The first non-holiday Wednesday of each month is typically dedicated to performing maintenance.  Maintenance typically begins between 9 AM and 10 AM and can run as late as 6 PM.  In the case maintenance will take longer than expected, additional email notification will go out while maintenance is being performed to provide an update on when we estimate maintenance to conclude.

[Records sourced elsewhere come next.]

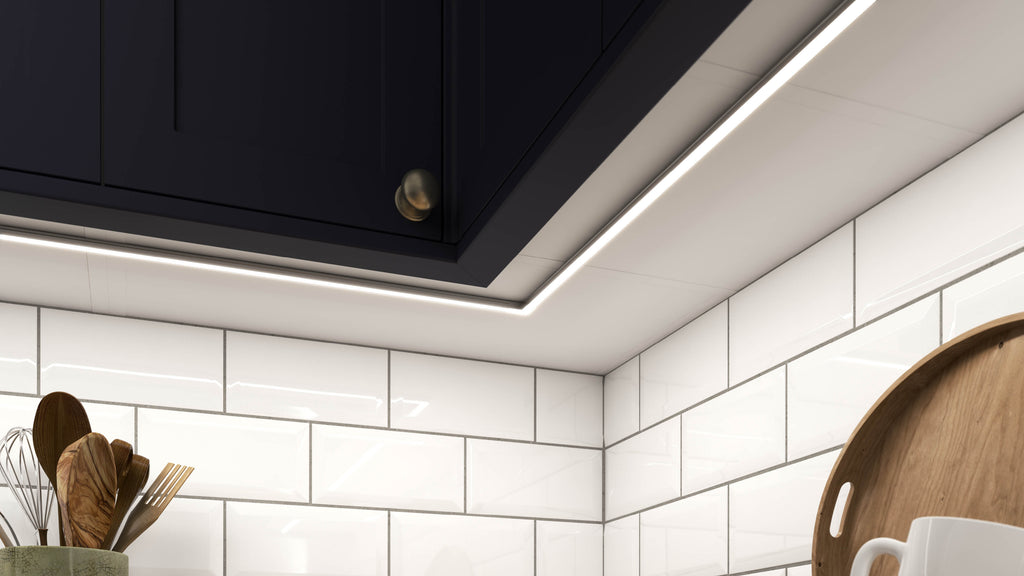 LED strip lights under kitchen wall cabinets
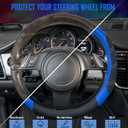 CAR PASS Line Rider Microfiber Leather Sporty Steering Wheel Cover Universal Fits for 95% Truck,SUV,Cars,14.5-15inch Anti-Slip Safety Comfortable Desgin (Black-Blue)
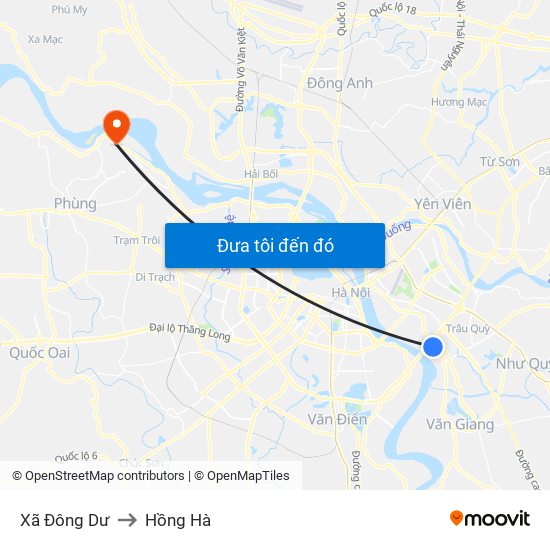 Xã Đông Dư to Hồng Hà map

We currently have two types of maintenance that can take place each month as outlined below.  Notification for our routine patching goes out a week in advance of the maintenance day, while the more disruptive core infrastructure update, we try to notify users a month in advance as well as a week before the maintenance day.  These types of notifications are only provided for our scheduled maintenance.  For unplanned or emergency maintenance we will try to provide users as much notice as we can, regardless of service impact.

 

Type

Frequency

Systems (nodes) affected

How updates are applied

Impact on Users

Type

Frequency

Systems (nodes) affected

How updates are applied

Impact on Users

Routine patching

9 to 11 times a year

Border systems:

  • Login nodes

  • Open onDemand nodes

  • Data transfer nodes

Internal systems:

  • Compute nodes

  • Firewall

  • File Systems

Updates are applied in a rolling fashion by power cycling all the nodes during the maintenance window, except for the compute nodes.  Compute nodes are updated by first having the scheduler drain the nodes and then power cycle the node once it is idle.  Upon restarting, the node is once again place into service. 

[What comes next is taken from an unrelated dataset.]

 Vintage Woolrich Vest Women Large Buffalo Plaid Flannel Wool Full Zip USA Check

Interactive jobs may be impacted, but batch jobs placed in non-preempting partitions should not be impacted.

 

Momentary disruptions to storage systems and access via the border systems will occur as systems are rebooted for patching.

Core infrastructure updates

1 to 3 times a year

Border systems:

  • Login nodes

  • Open onDemand nodes

  • Data transfer nodes

Internal systems:

  • Compute nodes

  • Switches

  • File systems

  • Firewall

  • File Systems

All jobs regardless of progress are either halted and requeued or canceled if the job was submit as not being able to be requeued.

Users access is denied and all servers are idled or powered down for the duration of the maintenance window.

Once maintenance is complete, nodes are restarted and jobs that were requeued are released and begin to run once again.  Jobs that do not save checkpoints, will have lost any progress they made prior to the downtime.  

A maintenance reservation is put in for the day of the maintenance starting at 8 AM HST.  

Batch jobs that would run longer than the start of the maintenance reservation will be queue and wait until the reservation is done before they would be allocated resources.  

Interactive jobs that request a time limit that would overlap the maintenance reservation will be denied by the scheduler.

Jobs that do not overlap the maintenance reservation will be scheduled as normal.